Friday, October 9, 2009

This wine's not for drinking

My next trip to the homebrew shop won't be for spigots, but for stoppers and bubblers. In part so I can do one or more small experiments related to the ongoing bokashi project, but mostly so I can make a large batch of soapberry wine.

Soapberry juice is an effective alternative to commercial soaps and cleansers, but isn't shelf-stable, though the dried fruits are; it's not much trouble to cook up a batch as needed, but since I had the fermented stuff, I decided to see if it might be good for anything. Could I use it in place of fresh? Were there other functions it might serve?

Alcoholic soap. Sounds odd, no?

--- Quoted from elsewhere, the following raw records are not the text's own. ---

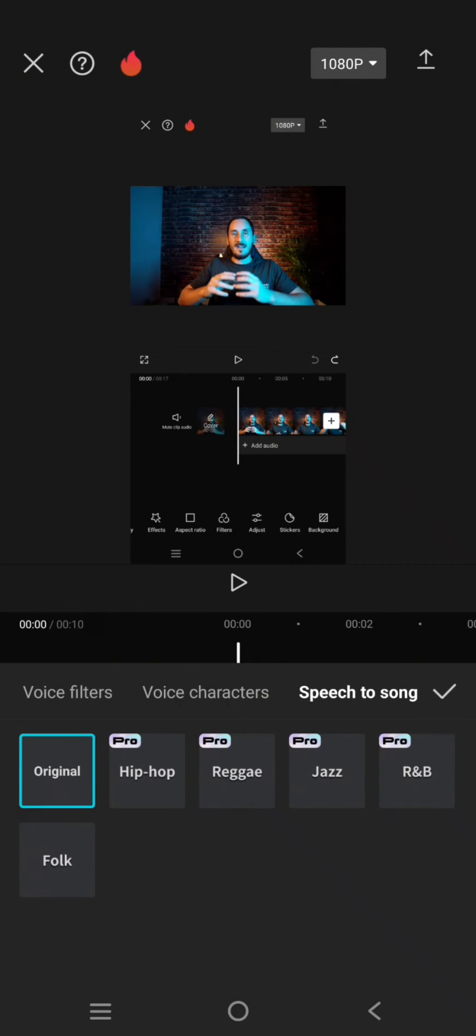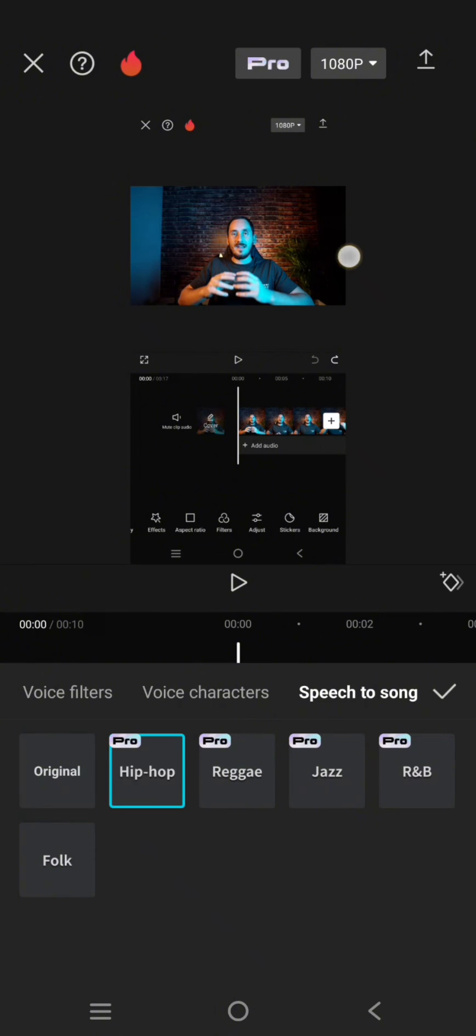Click on the hip hop option and wait for it to apply to the voice of the video. So it's already done, and let's see the result.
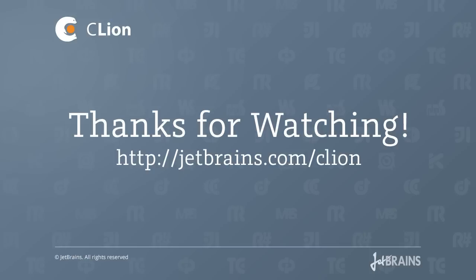So that's it. Thanks for checking out the screencast. To find out more about CLion, go to jetbrains.com slash CLion. Thanks for watching.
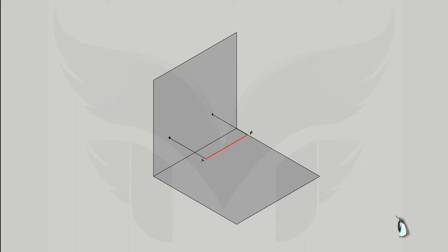Note one thing, while we name the front view of point A, we will name it as A dash. It's a small a, not a capital. And of course with a dash. Similarly, we will name the front view of point B as B dash. And once we connect A dash and B dash, we have front view of line AB on the VP. Perfect.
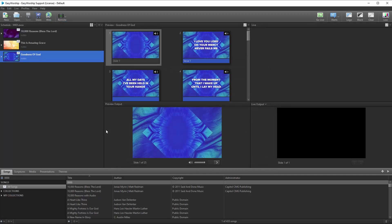Before adding the MIDI cues in Playback, make sure you have your EasyWorship schedule created with all the songs you'll be using. You can add the songs to your EasyWorship schedule by dragging and dropping them from the Songs tab. So now, let's go to your Playback app on the iPad and set up the cues.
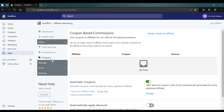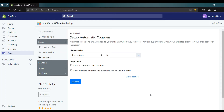Here in the coupons tab of the GoAF Pro admin panel, go to the automatic coupon section. Now click on change. This will open up the setup automatic coupons window.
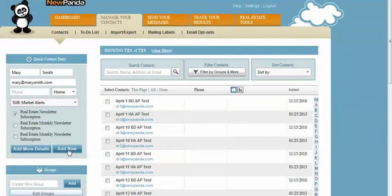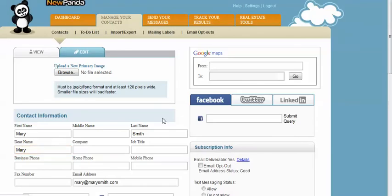And that's really all you need to do. Click the Add Now button. If you have more details about a contact that you'd like to enter—their street address, their business address, their title, where they work—you're just going to click that More Details button.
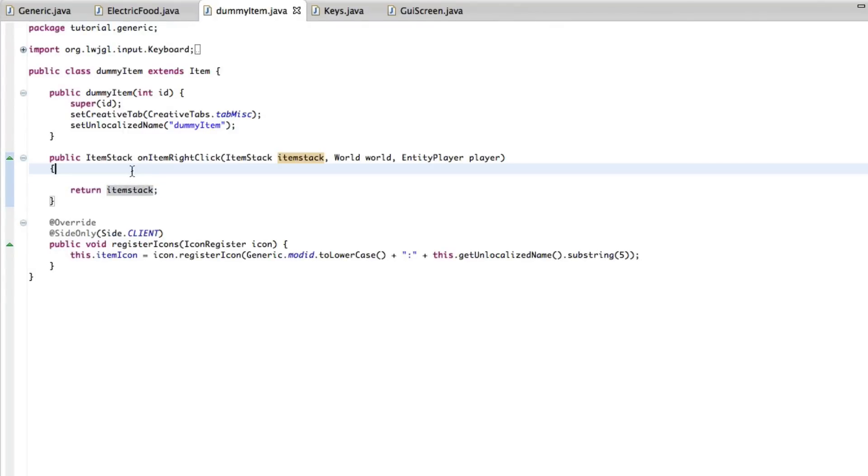Greetings fellow Earthlings, AGK here with a little Forge modding tutorial type thing. We're going to be making a GUI that opens by an item.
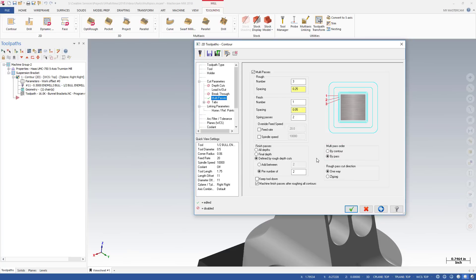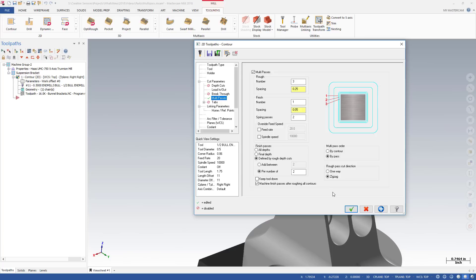This next change applies only to Contour toolpaths. In Mastercam 2017, Cut Direction for Rough Multipasses was set to One Way. In Mastercam 2018, you can now choose Zigzag for Multipass rough pass cut direction. Zigzag will alternate the cut direction between Climb and Conventional.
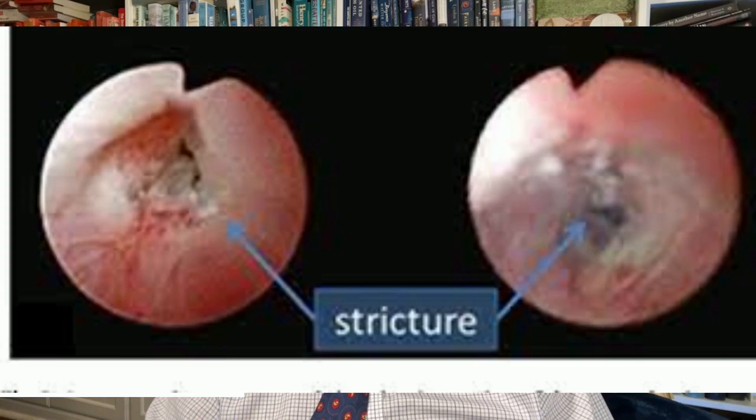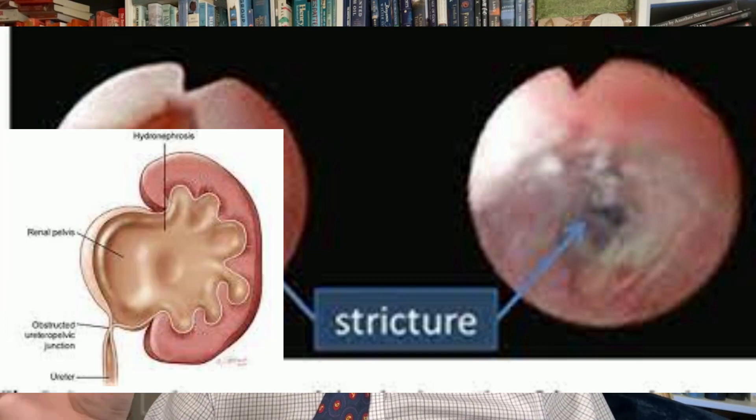Other situations include blockage due to a stricture or some type of malignancy or cancer. A stricture is a buildup of scar tissue in the ureter. This can happen congenitally, meaning you're born with it. One example is a UPJ obstruction, or ureteropelvic junction obstruction, where there is a blockage at the point where the kidney and ureter meet. Placing a stent can relieve these strictures while you come up with a treatment plan for removing or opening the stricture.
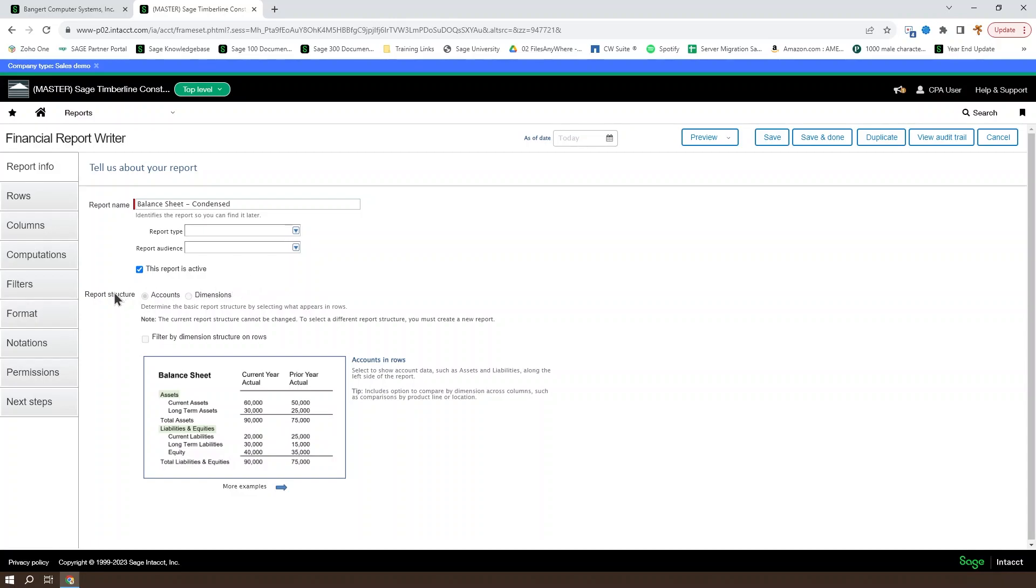You can also set whether the report structure is based on accounts or dimensions for a new report. Accounts are your default financial report structure. Dimensions allow you to build some interesting advanced reports that we won't go too far into in this course.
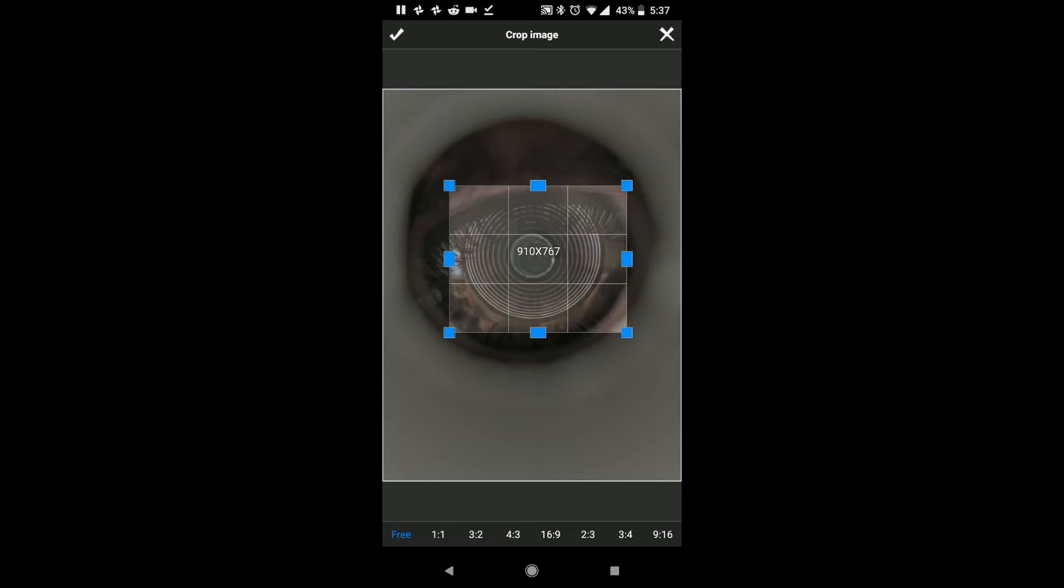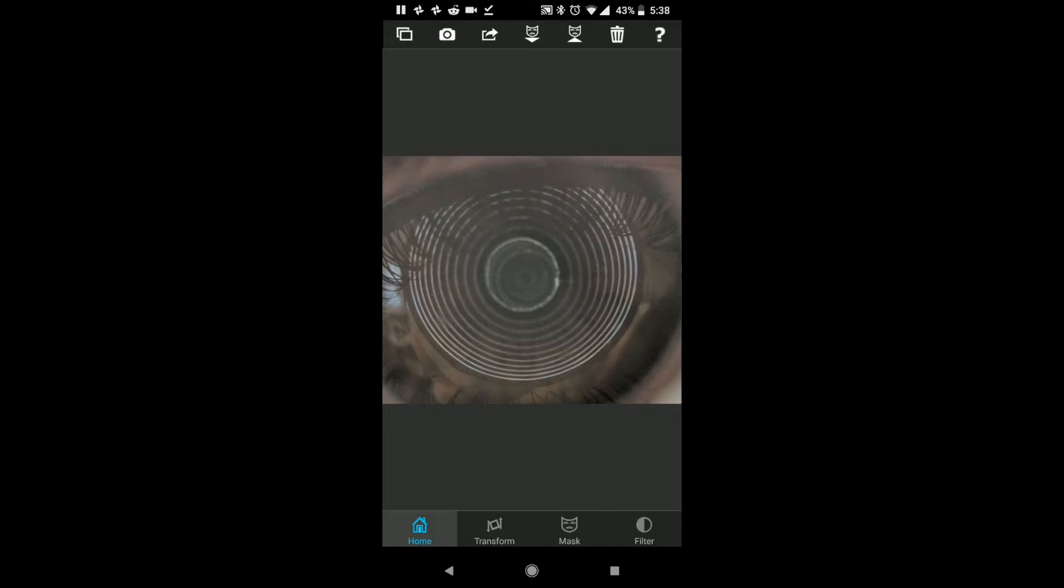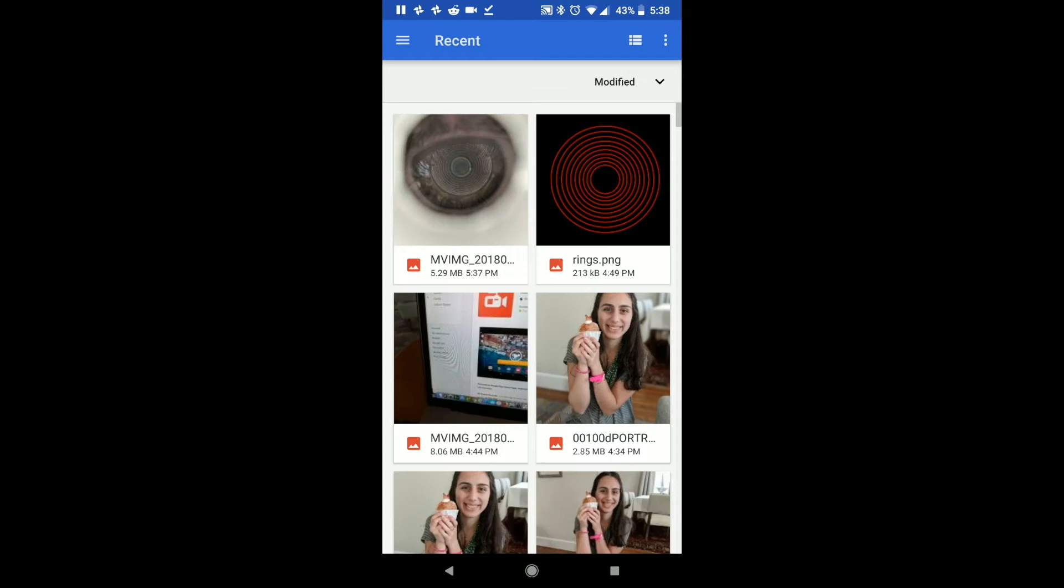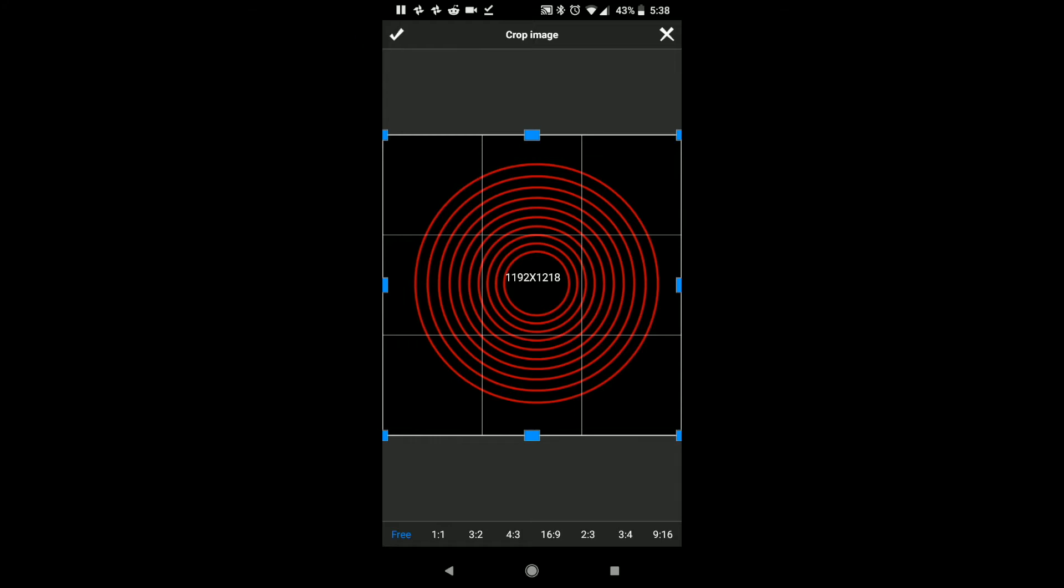Now, what we want to do is we want to superimpose upon it the rings, the ring pattern that was used in the Placido disk part of the photokeratoscope, so we're going to do the same thing. We're going to go to that upper left-hand corner, and now we're going to import a foreground, and I'm going to go to gallery, and you need a file called rings.png, which I shall send you.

But while I wouldn't recommend using it in place of fresh for, say, hand-washing laundry--the smell's enough to get you buzzed! -G- --it has its place. As a simple end for soft-bodied garden pests on tender leafy crops, and washes off easily. A great fruitfly bait. In place of fresh if needed, though the sudsing level is even lower with the wine (suds aren't necessary, I know, but I do still expect them!).

Of course, the fresh can be used in place of the wine for most of that. But there's one thing the fresh can't do, that the fermented can, and that's reason enough for me: it can be used in place of that brand-name anti poison ivy soap I so foolishly forgot to restock. At least as effectively, based on my so-far-singular experience.

Considering my usual reaction to that evil plant's oil, I'd say that's reason enough for a toast. Though with some other fermented something, I think.